#### Brief descriptive captions
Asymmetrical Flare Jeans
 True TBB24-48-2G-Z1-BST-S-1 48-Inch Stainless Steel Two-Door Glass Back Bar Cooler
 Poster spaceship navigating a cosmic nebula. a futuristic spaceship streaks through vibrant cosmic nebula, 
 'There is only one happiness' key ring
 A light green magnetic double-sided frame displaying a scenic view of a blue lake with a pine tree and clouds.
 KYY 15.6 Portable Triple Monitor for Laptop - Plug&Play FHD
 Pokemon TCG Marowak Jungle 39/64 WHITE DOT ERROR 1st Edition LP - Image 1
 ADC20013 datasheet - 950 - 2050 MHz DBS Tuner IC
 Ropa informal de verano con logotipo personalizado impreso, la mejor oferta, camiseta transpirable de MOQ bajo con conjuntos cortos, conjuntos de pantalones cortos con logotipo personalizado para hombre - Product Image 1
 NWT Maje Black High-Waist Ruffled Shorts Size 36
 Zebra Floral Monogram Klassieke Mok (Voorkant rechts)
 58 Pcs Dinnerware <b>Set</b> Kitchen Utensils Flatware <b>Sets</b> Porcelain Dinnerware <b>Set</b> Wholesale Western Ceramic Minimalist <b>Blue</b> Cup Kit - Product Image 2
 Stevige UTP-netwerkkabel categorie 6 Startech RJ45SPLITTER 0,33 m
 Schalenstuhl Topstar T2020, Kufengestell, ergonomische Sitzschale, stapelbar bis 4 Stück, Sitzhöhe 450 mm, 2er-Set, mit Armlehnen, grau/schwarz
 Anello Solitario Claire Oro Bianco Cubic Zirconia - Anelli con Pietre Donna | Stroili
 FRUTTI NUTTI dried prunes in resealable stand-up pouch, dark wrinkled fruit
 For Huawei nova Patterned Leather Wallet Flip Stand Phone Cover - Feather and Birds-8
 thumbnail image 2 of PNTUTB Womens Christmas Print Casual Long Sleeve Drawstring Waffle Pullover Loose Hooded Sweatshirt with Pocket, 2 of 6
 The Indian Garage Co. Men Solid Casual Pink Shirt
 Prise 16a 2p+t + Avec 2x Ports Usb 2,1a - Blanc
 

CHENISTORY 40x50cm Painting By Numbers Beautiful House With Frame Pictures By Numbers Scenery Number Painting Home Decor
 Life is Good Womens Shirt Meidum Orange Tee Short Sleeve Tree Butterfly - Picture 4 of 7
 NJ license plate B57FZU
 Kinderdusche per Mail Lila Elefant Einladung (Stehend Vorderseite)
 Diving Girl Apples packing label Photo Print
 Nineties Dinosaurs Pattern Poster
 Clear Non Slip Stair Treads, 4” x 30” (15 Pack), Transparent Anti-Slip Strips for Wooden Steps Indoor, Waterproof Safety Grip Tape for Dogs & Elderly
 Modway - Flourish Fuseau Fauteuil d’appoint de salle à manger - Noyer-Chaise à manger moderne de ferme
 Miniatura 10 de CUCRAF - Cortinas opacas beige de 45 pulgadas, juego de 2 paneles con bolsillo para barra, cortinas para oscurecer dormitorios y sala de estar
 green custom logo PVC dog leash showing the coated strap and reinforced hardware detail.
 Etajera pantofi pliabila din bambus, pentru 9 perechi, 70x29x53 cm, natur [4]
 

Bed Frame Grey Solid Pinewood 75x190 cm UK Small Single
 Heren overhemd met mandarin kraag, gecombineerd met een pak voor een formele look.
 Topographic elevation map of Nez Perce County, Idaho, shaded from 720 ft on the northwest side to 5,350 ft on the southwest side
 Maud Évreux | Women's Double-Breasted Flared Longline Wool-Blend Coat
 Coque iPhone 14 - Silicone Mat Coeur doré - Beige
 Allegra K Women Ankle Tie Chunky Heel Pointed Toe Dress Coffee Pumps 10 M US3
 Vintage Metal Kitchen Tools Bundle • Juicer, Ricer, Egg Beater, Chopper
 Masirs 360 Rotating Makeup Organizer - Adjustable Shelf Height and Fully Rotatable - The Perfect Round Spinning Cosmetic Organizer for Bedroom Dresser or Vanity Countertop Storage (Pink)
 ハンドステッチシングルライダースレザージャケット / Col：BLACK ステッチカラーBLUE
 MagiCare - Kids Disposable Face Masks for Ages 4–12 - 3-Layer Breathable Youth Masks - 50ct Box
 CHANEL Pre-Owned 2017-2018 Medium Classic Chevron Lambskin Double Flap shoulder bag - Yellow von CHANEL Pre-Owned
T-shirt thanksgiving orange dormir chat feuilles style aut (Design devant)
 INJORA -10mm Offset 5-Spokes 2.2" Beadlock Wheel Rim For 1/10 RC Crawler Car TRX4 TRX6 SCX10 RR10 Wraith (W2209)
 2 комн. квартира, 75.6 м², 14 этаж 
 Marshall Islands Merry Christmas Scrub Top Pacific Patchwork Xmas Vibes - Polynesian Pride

#### Required action
Reproduce only the lines above, starting at the line with "happiness' key ring" and ending at the line with "ADC20013 datasheet - 950", exactly as written.

#### Written reply
 'There is only one happiness' key ring
 A light green magnetic double-sided frame displaying a scenic view of a blue lake with a pine tree and clouds.
 KYY 15.6 Portable Triple Monitor for Laptop - Plug&Play FHD
 Pokemon TCG Marowak Jungle 39/64 WHITE DOT ERROR 1st Edition LP - Image 1
 ADC20013 datasheet - 950 - 2050 MHz DBS Tuner IC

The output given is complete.